« Je vis à Lyon […] l’an 1590 […] une coquille de limace de mer qu’on me monstra, de la grandeur des nostres, estimée 400 escus. La matiere d’icelle estoit nacre. La forme surpassoit de beaucoup la matiere. Elle estoit evasée d’une bonne grace, ayant ses contours et replis tres-bien mesurés, et arrondis jusques à la poincte. Et ce qui faisoit le plus d’admiration, estoit le dehors tout couvert de l’enceinte d’un courdon perpetuel, alternativement enfilé de trois perles, et trois grains de corail rouge de pareille grosseur, en maniere de chapellet, lesquels s’amoindrissoient à mesure, que chasque rond devenoit petit, et se perdoient au bout de la coquille, d’une façon autant admirable que gratieuse à voir. Les marchans amoureux des richesses ont de coustume de contempler le profit en choses semblables : mais le Chrestien bien apris à trafiquer pour le ciel, y contemple le createur et gaigne beaucoup plus que ne faict le marchant. » (Louis Richeome, Trois discours pour la Religion Catholique (1597), « Des miracles », p. 71-72).

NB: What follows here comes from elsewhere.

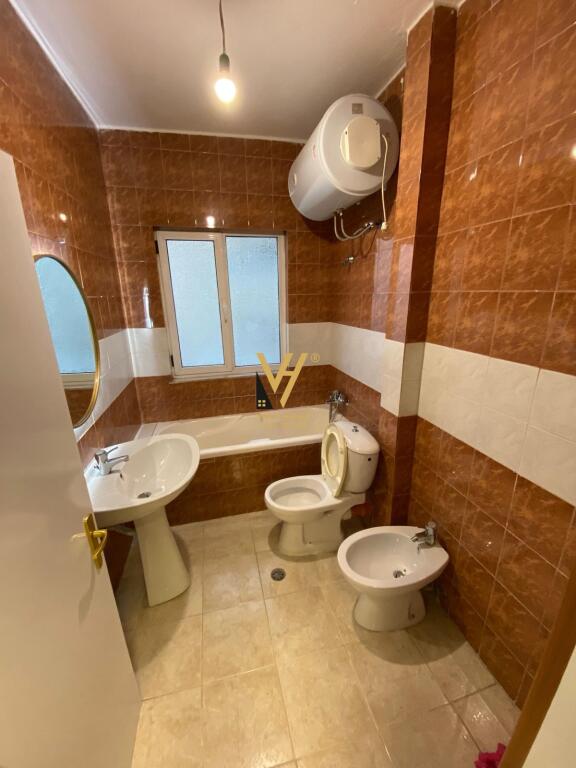 JEPET APARTAMENT 2+1 ME QIRA TE SHESHI WILLSON 800 EURO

Dans son discours « des miracles », Louis Richeome évoque l’arc-en-ciel et enchaîne avec la description d’un merveilleux objet de curiosité, un coquillage. Merveilleux, pour le jésuite, parce que la beauté irisée de la coquille est rehaussée par un semis de points rouges qui épousent l’enroulement spiralé et décroissent progressivement jusqu’à devenir imperceptibles, faisant de l’objet de curiosité un instrument de méditation sur Dieu et l’infini.
La somme demandée par le commerçant pour le coquillage est une somme énorme, puisque la chute de l’anecdote consiste à en faire paradoxalement une somme insignifiante au regard du fruit de la méditation du bon chrétien.
Il n’est jamais facile de se rendre compte de la valeur réelle des choses : que représentent 400 écus pour un jésuite ? et pour un paysan ? et pour un aristocrate fortuné ?
Si l’on se fie à la réforme monétaire en vigueur, celle de l’édit de Poitiers de 1578, qui élimine le compte en livres tournois au profit du compte en écus et fixe la valeur de l’écu à 60 sols, le coquillage en question a une valeur marchande officielle de 24000 sols. A titre de comparaison, si l’on fixe à 12 sols le salaire journalier moyen de l’ouvrier en bâtiment (une moyenne entre le salaire pour une journée courte d’hiver et une journée longue d’été), et si l’on ramène l’année, déduction faite des dimanches et des autres jours chômés à 250 jours, le marchand lyonnais demande pour son coquillage l’équivalent de 8 ans de salaire d’un ouvrier en bâtiment, lequel est mieux payé qu’un ouvrier agricole. Et sachant que l’intervention de l’Etat n’empêche guère le cours de l’écu de continuer à s’envoler dans les négociations entre particuliers… Bref, une limace de luxe.